The order of the Hagiographa is as follows: Ruth, Psalms, Job, Proverbs, Ecclesiastes, Song of Solomon, Lamentations, Daniel, Book of Esther, Book of Ezra, and Chronicles.
And who wrote all the books? Moses wrote his book and a portion of Bil’am [Numbers, xxii.], and Job. Jehoshua wrote his book and the last eight verses of the Pentateuch beginning: “And Moses, the servant of the Lord, died.” Samuel wrote his book, Judges, and Ruth. David wrote Psalms, with the assistance of ten elders, viz.: Adam the First, Malachi Zedek, Abraham, Moses, Hyman, Jeduthun, Asaph, and the three sons of Korach. Jeremiah wrote his book, Kings, and Lamentations.

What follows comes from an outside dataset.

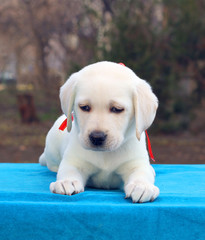 labrador puppy on a blue background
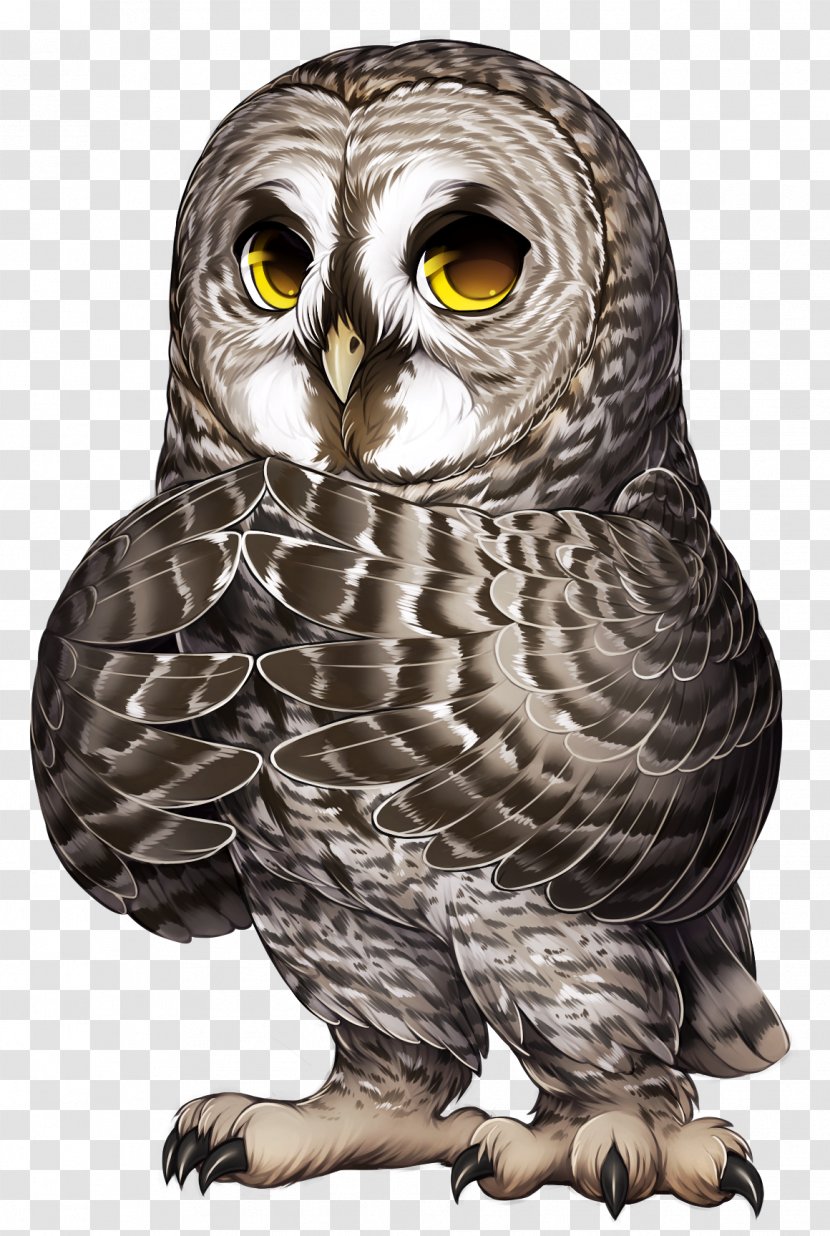 Owl Bird Of Prey Great Grey Western Screech - Eastern Wildlife Transparent PNG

King Hezekiah and his company wrote Isaiah, Proverbs, Songs, and Ecclesiastes. The men of the great assembly wrote Ezekiel, the Twelve Prophets, Daniel, and the Book of Esther. Ezra wrote his book, and Chronicles–the order of all generations down to himself. [This may be a support to Rabh’s theory, as to which, R. Jehudah said in his name, that Ezra had not ascended from Babylon to Palestine until he wrote his genealogy.] And who finished Ezra’s book? Nehemiah ben Chachalyah.